Sadly, once I start recovering, my brain usually lags a few days behind my body, hence my moods and emotions being all over the place. As I move out of the depressive episode, I always feel mentally and physically trashed. The fact I am feeling it right now is a good thing, because it means I’m moving beyond the episode. Surprisingly, I did so without needing significant medical intervention, though the emergency doctor was good enough to help out with sleep medications.

Three or four years ago, an episode like this would have easily landed me in hospital. Now, I recognize as I cycle, and am able to make accommodations for it, getting in front of things before they get too far out of hand. I’m recognizing the stages, the commonalities, of my symptoms each time, and instead of getting as distressed as I used to, I’m finding I’m able to cope better.

Don’t get me wrong. These experiences are still mentally painful. They are mentally draining. I wouldn’t wish the experience on my worst enemy.

It’s easy to find reasons to get down on myself. I haven’t been shooting in months. I haven’t done any creative writing in even longer. The house is a mess, and budgets are tight. There is no shortage of things to be stressed about. Believe me, I feel each and every one.
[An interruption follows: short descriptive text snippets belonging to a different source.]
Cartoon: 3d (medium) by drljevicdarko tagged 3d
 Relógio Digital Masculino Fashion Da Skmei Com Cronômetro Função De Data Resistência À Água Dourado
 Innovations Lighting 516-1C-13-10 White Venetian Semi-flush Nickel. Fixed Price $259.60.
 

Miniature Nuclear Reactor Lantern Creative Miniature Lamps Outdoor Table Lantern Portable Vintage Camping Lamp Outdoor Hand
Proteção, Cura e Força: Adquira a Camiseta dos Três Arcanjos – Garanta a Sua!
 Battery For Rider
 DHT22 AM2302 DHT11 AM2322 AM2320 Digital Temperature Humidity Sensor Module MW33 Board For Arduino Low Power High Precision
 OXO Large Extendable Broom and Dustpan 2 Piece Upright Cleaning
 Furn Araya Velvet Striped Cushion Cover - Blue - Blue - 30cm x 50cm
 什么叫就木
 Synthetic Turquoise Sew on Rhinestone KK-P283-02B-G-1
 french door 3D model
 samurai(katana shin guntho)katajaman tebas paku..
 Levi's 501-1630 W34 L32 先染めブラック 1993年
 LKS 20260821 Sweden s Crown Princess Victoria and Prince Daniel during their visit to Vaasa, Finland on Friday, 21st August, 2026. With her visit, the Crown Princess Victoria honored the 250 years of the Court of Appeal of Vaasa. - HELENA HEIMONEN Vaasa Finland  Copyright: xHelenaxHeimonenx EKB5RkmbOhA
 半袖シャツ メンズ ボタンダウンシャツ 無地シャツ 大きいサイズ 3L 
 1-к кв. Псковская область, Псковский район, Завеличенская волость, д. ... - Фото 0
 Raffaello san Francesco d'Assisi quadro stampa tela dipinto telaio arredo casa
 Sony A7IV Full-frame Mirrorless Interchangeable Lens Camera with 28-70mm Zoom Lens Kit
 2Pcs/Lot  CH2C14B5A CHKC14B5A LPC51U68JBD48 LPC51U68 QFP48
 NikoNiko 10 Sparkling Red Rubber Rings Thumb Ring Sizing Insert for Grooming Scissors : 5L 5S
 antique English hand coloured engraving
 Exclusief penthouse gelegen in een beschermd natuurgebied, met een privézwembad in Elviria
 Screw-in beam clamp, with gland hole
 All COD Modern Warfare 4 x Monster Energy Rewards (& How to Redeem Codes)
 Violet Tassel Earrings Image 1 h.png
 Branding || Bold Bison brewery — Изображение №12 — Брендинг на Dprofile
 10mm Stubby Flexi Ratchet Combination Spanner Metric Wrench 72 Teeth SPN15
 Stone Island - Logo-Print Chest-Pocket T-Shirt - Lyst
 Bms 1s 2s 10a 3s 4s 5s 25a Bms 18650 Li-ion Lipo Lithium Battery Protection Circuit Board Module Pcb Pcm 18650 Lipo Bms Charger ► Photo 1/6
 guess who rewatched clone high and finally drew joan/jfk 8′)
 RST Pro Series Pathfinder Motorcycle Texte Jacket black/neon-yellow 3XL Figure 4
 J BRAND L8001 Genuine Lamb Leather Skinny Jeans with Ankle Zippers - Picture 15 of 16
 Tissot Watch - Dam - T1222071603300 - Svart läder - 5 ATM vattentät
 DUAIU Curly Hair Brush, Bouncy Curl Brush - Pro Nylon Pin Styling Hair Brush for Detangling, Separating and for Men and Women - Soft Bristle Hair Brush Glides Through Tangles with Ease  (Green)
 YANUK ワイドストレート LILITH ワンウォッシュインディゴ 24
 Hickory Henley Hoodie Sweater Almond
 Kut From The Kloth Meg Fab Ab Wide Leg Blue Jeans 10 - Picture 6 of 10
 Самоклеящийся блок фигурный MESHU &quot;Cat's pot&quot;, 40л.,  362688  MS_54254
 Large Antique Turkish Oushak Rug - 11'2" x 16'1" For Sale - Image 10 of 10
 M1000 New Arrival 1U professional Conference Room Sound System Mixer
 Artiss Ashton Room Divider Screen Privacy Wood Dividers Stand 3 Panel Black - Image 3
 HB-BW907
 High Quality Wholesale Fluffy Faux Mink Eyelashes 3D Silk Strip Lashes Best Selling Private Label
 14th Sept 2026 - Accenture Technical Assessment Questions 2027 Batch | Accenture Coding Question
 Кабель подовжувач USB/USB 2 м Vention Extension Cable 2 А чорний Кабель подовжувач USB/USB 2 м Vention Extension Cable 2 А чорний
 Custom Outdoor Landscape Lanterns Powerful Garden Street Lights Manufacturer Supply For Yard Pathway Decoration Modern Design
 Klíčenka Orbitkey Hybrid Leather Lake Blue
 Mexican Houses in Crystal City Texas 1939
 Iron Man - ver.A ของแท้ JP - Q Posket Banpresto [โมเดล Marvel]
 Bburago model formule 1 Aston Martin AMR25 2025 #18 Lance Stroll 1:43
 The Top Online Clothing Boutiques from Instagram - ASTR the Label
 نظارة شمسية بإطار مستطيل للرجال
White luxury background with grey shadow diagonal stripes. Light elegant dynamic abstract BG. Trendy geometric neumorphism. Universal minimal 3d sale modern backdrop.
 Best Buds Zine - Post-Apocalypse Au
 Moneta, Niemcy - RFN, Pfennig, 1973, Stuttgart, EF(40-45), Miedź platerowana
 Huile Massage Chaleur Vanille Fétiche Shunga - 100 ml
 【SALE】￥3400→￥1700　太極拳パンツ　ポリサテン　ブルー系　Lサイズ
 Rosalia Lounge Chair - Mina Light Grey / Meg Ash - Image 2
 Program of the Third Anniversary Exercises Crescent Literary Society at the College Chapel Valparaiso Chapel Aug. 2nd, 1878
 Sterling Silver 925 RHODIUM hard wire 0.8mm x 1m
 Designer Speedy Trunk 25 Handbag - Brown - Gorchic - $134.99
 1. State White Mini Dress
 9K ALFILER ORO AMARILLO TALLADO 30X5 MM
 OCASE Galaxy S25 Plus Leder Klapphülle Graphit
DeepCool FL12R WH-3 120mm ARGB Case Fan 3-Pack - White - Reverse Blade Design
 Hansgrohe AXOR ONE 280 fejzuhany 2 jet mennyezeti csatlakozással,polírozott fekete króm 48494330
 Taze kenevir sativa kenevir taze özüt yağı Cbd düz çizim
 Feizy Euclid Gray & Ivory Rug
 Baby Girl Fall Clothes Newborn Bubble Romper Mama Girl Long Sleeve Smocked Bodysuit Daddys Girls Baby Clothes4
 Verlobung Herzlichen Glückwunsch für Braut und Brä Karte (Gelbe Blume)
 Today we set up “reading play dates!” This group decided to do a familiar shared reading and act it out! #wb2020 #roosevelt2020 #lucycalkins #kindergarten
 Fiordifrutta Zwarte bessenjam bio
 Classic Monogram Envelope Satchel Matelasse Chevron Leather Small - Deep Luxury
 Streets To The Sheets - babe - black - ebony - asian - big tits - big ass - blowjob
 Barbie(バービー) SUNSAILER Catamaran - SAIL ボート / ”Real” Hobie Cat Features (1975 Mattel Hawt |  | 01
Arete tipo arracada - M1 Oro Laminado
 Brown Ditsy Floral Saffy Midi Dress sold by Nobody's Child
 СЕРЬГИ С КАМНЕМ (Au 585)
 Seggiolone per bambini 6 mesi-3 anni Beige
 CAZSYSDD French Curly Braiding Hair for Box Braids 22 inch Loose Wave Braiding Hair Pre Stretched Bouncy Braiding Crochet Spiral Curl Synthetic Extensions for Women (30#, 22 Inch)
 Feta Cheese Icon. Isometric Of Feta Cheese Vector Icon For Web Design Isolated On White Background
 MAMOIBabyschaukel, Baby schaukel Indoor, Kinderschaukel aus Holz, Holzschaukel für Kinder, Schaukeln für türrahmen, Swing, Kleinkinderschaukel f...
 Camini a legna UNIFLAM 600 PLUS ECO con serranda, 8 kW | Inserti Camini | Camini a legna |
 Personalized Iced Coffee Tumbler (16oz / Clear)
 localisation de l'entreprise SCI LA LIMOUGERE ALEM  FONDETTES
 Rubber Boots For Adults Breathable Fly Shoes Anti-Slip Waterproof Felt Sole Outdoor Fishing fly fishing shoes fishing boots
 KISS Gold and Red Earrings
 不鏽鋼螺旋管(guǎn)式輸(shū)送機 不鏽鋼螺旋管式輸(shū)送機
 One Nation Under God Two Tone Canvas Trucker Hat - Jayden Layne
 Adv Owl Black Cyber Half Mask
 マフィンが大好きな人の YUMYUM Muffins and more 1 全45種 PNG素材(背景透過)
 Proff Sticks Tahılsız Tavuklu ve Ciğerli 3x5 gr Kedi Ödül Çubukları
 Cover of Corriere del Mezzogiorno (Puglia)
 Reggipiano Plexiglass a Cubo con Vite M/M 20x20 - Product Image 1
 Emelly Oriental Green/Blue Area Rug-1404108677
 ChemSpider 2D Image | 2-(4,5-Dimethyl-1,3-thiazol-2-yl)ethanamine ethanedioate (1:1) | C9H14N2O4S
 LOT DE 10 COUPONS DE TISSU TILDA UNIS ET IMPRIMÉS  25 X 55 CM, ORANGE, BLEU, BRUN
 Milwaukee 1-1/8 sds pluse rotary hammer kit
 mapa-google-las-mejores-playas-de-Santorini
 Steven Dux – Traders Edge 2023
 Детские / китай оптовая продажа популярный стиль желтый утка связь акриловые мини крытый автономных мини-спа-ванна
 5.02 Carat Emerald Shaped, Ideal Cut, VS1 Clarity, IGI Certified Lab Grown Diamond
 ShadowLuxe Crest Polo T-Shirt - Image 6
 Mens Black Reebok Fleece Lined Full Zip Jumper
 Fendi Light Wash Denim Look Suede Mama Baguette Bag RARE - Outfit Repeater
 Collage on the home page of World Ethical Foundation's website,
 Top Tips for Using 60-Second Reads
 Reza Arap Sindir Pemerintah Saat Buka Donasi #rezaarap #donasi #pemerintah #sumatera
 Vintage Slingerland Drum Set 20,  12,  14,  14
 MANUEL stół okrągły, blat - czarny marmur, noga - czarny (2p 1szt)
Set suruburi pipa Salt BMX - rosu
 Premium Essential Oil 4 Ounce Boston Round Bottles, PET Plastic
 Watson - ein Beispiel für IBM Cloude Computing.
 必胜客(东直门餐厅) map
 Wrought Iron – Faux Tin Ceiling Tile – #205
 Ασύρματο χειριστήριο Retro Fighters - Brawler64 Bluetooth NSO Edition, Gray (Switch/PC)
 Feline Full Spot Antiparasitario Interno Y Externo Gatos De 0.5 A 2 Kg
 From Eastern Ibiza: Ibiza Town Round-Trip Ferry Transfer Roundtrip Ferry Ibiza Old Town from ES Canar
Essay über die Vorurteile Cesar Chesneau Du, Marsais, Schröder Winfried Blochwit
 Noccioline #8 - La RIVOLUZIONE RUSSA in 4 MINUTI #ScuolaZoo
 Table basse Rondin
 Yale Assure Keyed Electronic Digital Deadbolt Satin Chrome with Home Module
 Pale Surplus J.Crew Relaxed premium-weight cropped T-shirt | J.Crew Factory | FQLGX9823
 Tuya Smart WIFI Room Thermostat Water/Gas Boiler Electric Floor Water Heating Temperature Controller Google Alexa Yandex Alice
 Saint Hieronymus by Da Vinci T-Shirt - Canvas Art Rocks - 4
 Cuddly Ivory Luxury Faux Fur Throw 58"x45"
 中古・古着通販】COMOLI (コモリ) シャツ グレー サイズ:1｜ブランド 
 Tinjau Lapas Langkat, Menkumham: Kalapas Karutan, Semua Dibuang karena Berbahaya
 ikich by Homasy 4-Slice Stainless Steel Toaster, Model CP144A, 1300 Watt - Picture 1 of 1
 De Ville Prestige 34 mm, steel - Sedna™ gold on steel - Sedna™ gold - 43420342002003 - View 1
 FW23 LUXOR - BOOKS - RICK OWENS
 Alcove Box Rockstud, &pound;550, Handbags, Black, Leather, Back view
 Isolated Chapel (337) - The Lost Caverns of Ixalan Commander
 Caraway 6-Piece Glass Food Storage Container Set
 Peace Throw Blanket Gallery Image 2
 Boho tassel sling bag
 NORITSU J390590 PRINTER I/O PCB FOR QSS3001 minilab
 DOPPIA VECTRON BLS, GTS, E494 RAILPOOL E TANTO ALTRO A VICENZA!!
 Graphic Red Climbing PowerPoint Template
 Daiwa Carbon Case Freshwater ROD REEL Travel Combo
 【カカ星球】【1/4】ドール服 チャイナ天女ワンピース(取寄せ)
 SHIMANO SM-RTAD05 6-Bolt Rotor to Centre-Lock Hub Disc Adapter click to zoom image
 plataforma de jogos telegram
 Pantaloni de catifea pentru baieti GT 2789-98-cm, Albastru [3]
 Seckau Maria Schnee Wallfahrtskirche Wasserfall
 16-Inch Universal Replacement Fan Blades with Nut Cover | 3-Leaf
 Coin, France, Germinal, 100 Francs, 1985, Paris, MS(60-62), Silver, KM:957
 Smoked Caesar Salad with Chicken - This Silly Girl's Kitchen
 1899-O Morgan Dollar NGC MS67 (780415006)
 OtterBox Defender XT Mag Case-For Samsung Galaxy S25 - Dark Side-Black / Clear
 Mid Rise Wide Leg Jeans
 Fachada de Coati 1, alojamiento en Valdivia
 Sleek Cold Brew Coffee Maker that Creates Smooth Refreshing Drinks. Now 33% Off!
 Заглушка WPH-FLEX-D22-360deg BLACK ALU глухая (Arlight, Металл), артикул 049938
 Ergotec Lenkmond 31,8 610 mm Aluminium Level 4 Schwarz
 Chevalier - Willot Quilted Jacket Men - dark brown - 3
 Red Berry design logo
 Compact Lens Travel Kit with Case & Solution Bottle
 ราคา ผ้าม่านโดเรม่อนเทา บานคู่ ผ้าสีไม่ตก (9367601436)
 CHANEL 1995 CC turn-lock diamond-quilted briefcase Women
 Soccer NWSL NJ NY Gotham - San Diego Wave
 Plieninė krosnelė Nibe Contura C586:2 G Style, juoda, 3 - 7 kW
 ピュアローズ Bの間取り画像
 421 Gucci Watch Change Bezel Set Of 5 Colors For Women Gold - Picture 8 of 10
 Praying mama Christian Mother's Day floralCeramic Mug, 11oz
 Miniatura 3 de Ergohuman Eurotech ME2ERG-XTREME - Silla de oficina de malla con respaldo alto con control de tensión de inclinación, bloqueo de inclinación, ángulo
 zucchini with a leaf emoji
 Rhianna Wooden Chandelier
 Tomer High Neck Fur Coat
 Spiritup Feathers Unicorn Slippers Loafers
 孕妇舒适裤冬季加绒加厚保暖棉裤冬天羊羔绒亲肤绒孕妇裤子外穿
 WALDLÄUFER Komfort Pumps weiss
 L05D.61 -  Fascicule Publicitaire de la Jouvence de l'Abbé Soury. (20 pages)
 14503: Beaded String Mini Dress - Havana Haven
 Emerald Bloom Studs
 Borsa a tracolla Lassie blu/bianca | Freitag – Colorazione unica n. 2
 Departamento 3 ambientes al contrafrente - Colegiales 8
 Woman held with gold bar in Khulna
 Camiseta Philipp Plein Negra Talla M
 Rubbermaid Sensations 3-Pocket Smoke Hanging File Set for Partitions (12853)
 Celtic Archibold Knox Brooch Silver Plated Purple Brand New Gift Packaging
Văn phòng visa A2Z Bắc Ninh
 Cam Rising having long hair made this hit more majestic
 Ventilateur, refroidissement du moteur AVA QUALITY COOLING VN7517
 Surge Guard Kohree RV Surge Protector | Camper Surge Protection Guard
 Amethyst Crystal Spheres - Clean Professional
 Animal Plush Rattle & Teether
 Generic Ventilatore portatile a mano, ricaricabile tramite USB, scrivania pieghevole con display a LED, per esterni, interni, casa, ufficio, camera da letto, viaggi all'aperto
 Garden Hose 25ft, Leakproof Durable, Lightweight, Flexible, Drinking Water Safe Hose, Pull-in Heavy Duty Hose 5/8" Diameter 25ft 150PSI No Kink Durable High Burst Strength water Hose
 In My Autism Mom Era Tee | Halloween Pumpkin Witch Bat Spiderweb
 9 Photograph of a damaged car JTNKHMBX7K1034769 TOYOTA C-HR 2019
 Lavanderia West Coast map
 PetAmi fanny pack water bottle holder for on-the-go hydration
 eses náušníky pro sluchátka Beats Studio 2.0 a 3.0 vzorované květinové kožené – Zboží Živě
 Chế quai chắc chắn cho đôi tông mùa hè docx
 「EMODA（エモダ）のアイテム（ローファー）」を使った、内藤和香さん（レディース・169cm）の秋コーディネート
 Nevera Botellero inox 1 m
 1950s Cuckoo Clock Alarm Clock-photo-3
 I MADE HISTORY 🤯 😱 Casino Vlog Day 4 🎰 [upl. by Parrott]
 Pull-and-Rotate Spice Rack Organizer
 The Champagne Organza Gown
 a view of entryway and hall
My problem is, in the past I would get myself worn out and let the stresses build up. It would paralyze me with indecision and fear. My mental health symptoms would be triggered, and my moods would crash. I would fall into self-harm and feeling suicidal.

What’s changed?

A lot actually.

My perspective has changed.

I still feel stressed, and my moods definitely are all over the place at times, but I recognize the feelings. I recognize the stages my body goes through as it goes through an episode. Recognizing the symptoms takes their power away. There’s a difference between having the thoughts, and acting on them.

It doesn’t take the stress away, but how I handle it is different. I spend some time gaming. I walk the dogs. Plus, I have work and school keeping me amply busy.

Something else I am coming to realize is, like it or not, I do deal with SIGNIFICANT mental health issues. I have four separate diagnoses. Being inside my head is not a fun place on a good day, let alone a bad one. I am not neurotypical.

What does that mean?

In short, I am more susceptible to these episodes. There are things I have to do to keep them at bay. Things such as making sure I get proper sleep and exercise. I also need to recognize the fact that it’s not a matter of If they will happen, but when. I need to be able to recognize the symptoms so I can ride out the accompanying storms. To that end, I am making significant progress.

Those changes come down to small changes.

Going to bed earlier, making sure I get my rest. Making sure I take my meds. Creating time to spend with Lynn. Make some time to get back into my creative writing.

Just because I deal with the mental health issues that I do doesn’t mean I am out of the race. I just have to play by slightly different rules.